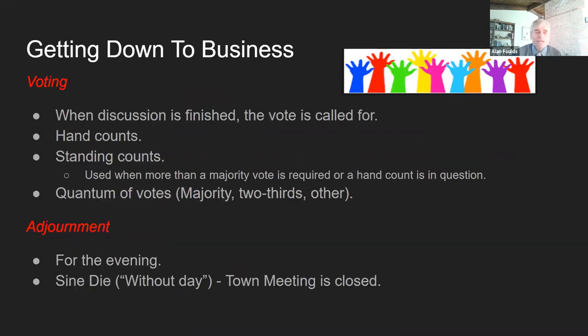Voting: when discussion is finished, a vote is called for. First we try a hand count, and the moderator makes the call. If any seven members or the moderator himself questions that hand count, we go straight to a standing count. For all votes that need more than a majority — a two-thirds vote and such — we always take a standing count. The moderator chooses tellers, asks everyone in favor to stand and counts them, then asks everyone opposed to stand and counts them, and then declares the vote. Most votes require just a simple majority. Some, such as most zoning bylaws, require two-thirds. A few others, like paying past bills, require four-fifths.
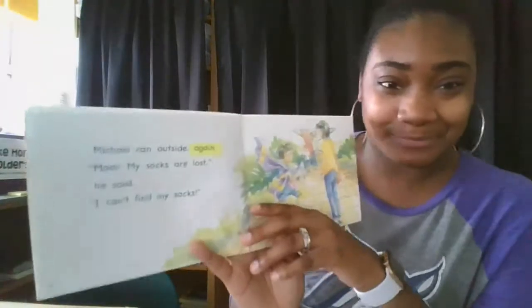All right, so I've got my book Lost Socks here. I'm going to model for you how I try to solve a tricky word, and then once I solve it, I'm going to show you that I have to go back and reread to smooth out my voice. All right, here we go.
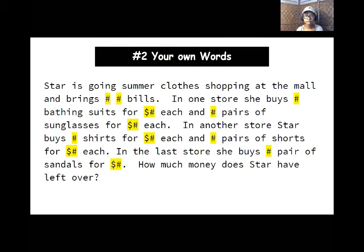We can also see that Star went to three stores. In one store she bought bathing suits and sunglasses. In another store she bought shirts and shorts. And in the last store she bought sandals. So she went to three stores and purchased five items: bathing suits, sunglasses, shorts, shirts, and sandals.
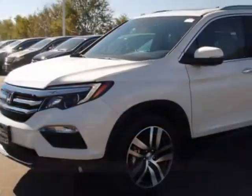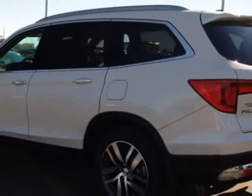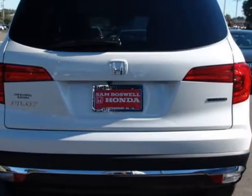This vehicle gets an estimated 20 miles per gallon in the city and an estimated 27 on the highway. This Pilot boasts a 3.5 liter engine and has a 9-speed automatic transmission.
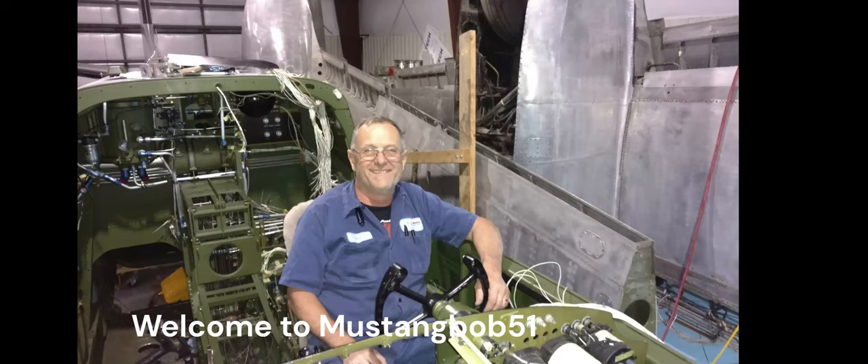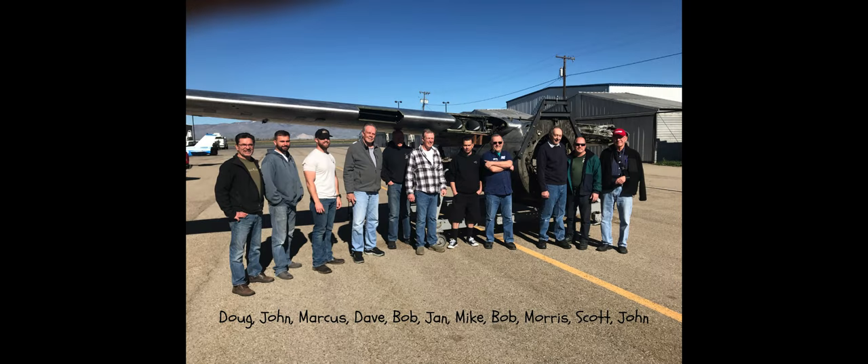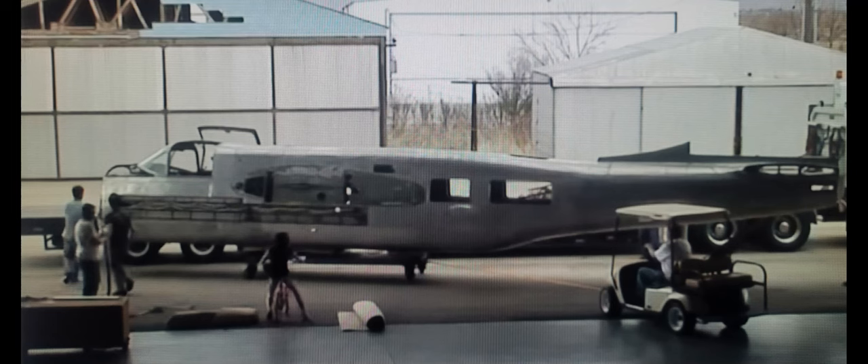Hi, my name is Bob, his name is Jan, and his name is Dave. Together, alongside a group of motivated, dedicated volunteers, we are hard at work restoring an 80-year-old twin-engine Warbird.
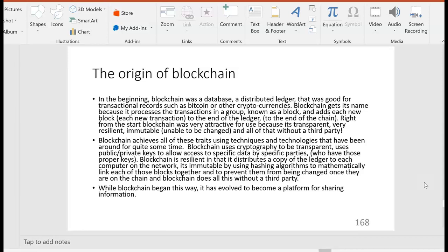Blockchain uses cryptography to be transparent, using public and private keys for encryption to allow access to specific data by specific parties only — those who have the proper keys. As we mentioned with Bitcoin, you get a private key and you must keep it confidential. Blockchain is resilient in that it distributes a copy of the ledger to each computer on the network. It's immutable by using hash algorithms to mathematically link each of those blocks together and prevent them from being changed once they're on the chain — and blockchain does all of this without a third party.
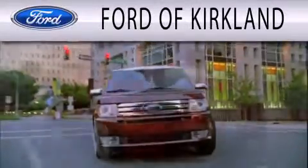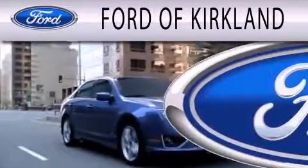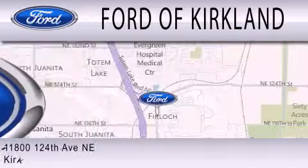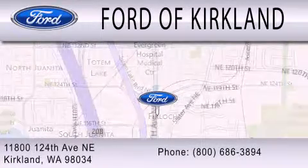Ford of Kirkland is dedicated to doing everything possible to ensure that the experience you have selecting your next vehicle is as pleasant as possible. We are located at 11800 124th Avenue Northeast in Kirkland.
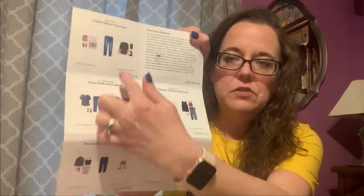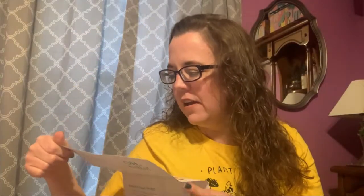The fix numbers on my channel are going to be off slightly because there was one fix that I did not film — I was not able to film it before I had to send it back. I think that was fix number 43, so that one is not going to be on my channel. Anyways, this is fix number 44. You also get a little note from your stylist, and they give you style cards to show you how they recommend styling the items they sent you. My stylist this time is Kara.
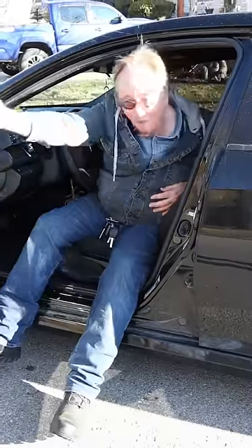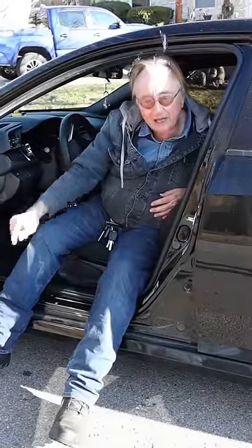So before you buy one, open the door, look at the sticker, and see where it was made.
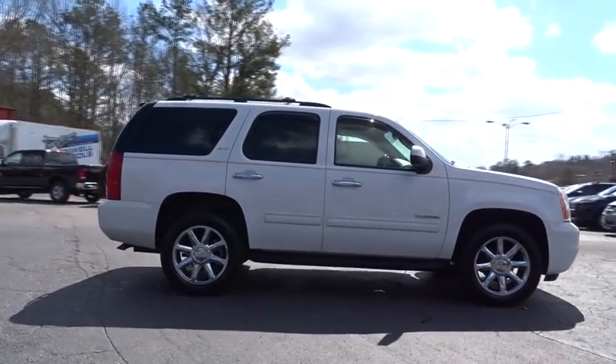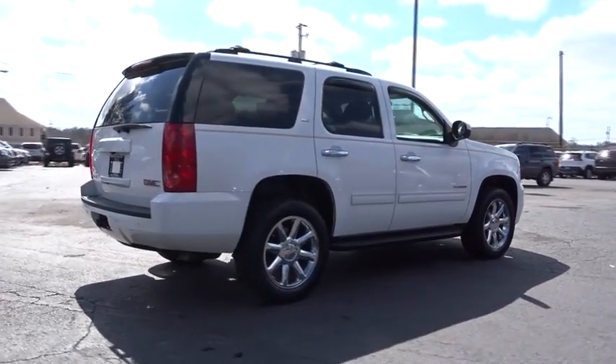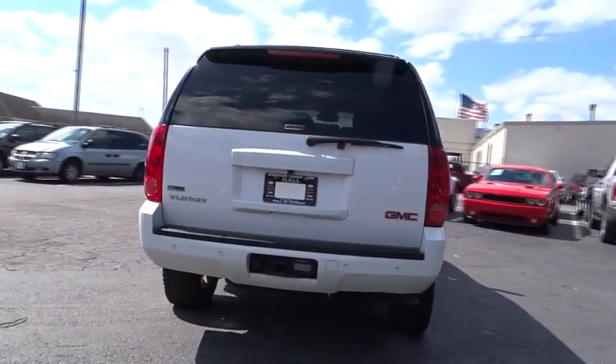Boasting a Vortec 5.3 liter V8 with active fuel management and flex fuel, Yukon is agile and capable. This vehicle has less than 110,000 miles.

*About this task:* Repeat, line for line and exactly, the material from its first line through the line that contains "All right, so", both ends included; no pictures belong in the copy.

*Finished exercise:*
Voting: when discussion is finished, a vote is called for. First we try a hand count, and the moderator makes the call. If any seven members or the moderator himself questions that hand count, we go straight to a standing count. For all votes that need more than a majority — a two-thirds vote and such — we always take a standing count. The moderator chooses tellers, asks everyone in favor to stand and counts them, then asks everyone opposed to stand and counts them, and then declares the vote. Most votes require just a simple majority. Some, such as most zoning bylaws, require two-thirds. A few others, like paying past bills, require four-fifths.
All right, so I've got my book Lost Socks here. I'm going to model for you how I try to solve a tricky word, and then once I solve it, I'm going to show you that I have to go back and reread to smooth out my voice. All right, here we go.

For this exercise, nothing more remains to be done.